Parametric vs Nonparametric Statistics: Why Choose Parametric Methods

estimationhypothesis testingmathematical-statisticsnonparametricregression

Can someone explain to me why would anyone choose a parametric over a nonparametric statistical method for hypothesis testing or regression analysis?

In my mind, it's like going for rafting and choosing a non-water resistant watch, because you may not get it wet. Why not use the tool that works on every occasion?

Best Answer

Rarely if ever a parametric test and a non-parametric test actually have the same null. The parametric $t$-test is testing the mean of the distribution, assuming the first two moments exist. The Wilcoxon rank sum test does not assume any moments, and tests equality of distributions instead. Its implied parameter is a weird functional of distributions, the probability that the observation from one sample is lower than the observation from the other. You can sort of talk about comparisons between the two tests under the completely specified null of identical distributions... but you have to recognize that the two tests are testing different hypotheses.

The information that parametric tests bring in along with their assumption helps improving the power of the tests. Of course that information better be right, but there are few if any domains of human knowledge these days where such preliminary information does not exist. An interesting exception that explicitly says "I don't want to assume anything" is the courtroom where non-parametric methods continue to be widely popular -- and it makes perfect sense for the application. There's probably a good reason, pun intended, that Phillip Good authored good books on both non-parametric statistics and courtroom statistics.

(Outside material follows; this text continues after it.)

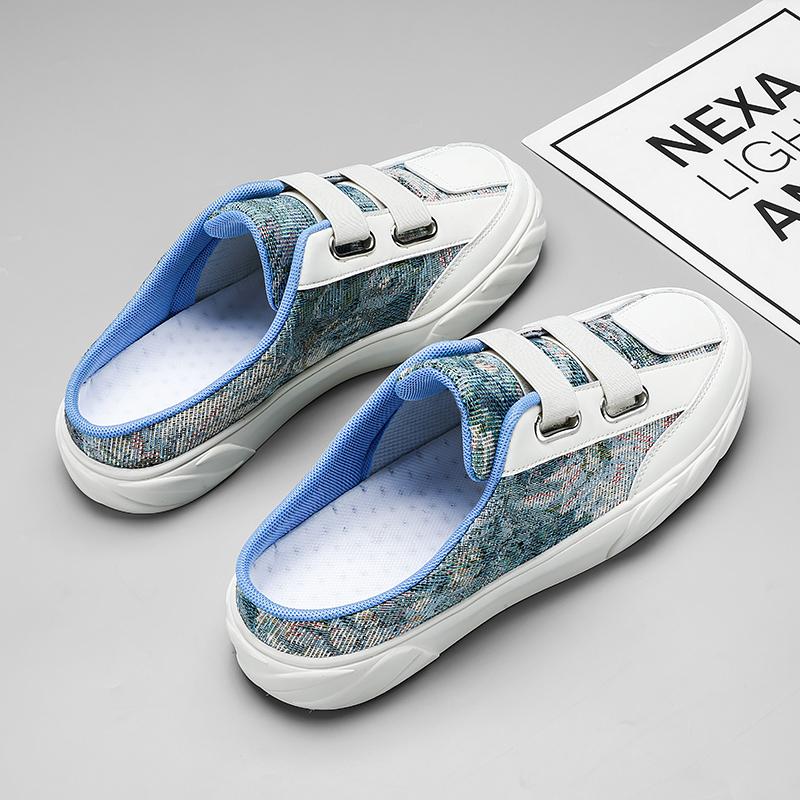 Semi-drag breathable flying woven summer burst fashion shoes men's shoes ins show board shoes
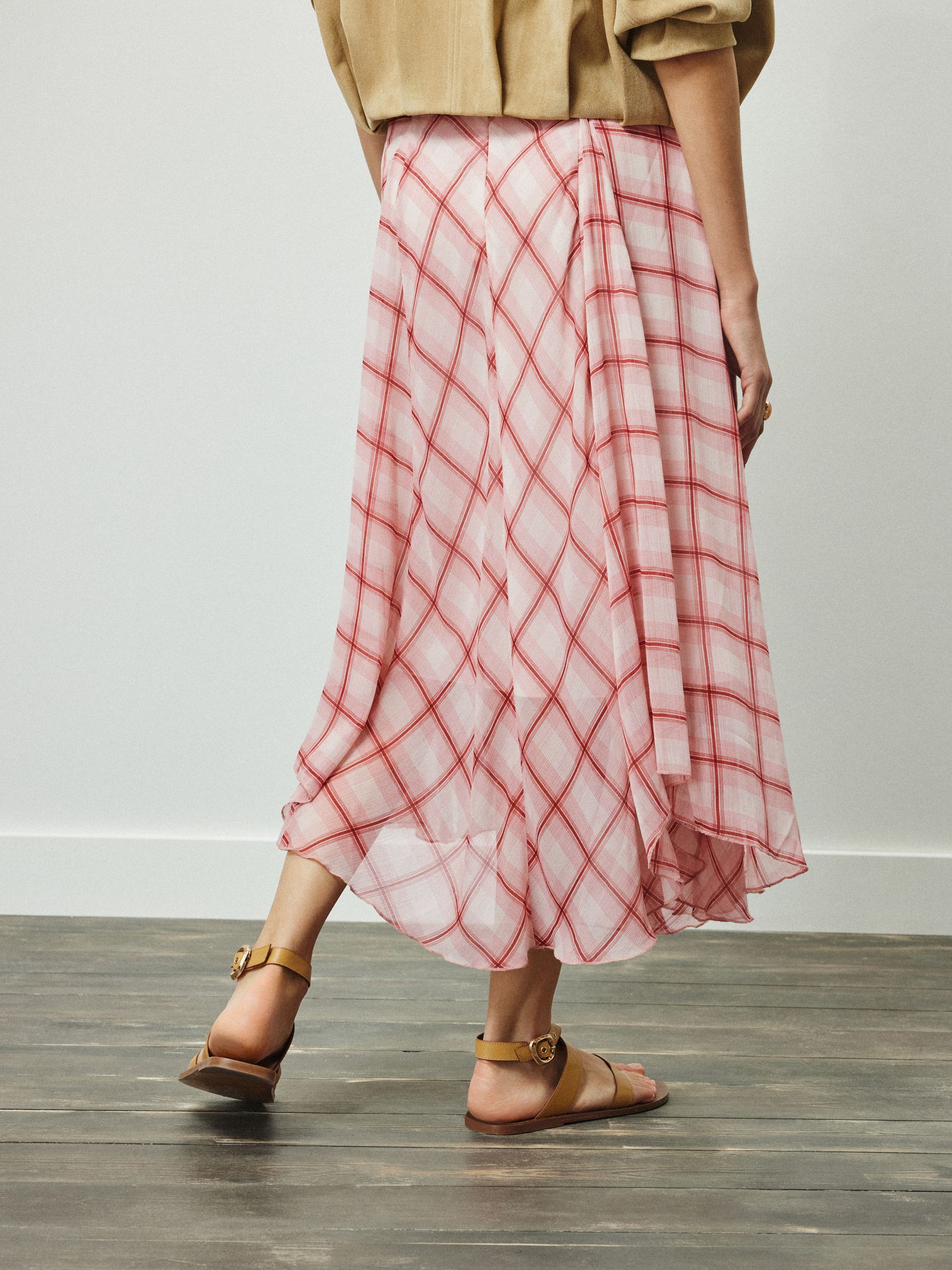Buy Pink/Ecru Check Godet Midi Skirt from Next USA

There are also testing situations where you don't have access to the microdata necessary for the nonparametric test. Suppose you were asked to compare two groups of people to gauge whether one is more obese than the other. In an ideal world, you will have height and weight measurements for everybody, and you could form a permutation test stratifying by height. In a less than ideal (i.e., real) world, you may only have the mean height and mean weight in each group (or may be some ranges or variances of these characteristics on top of the sample means). Your best bet is then to compute the mean BMI for each group and compare them if you only have the means; or assume a bivariate normal for height and weight if you have means and variances (you'd probably have to take a correlation from some external data if it did not come with your samples), form some sort of regression lines of weight on height within each group, and check whether one line is above the other.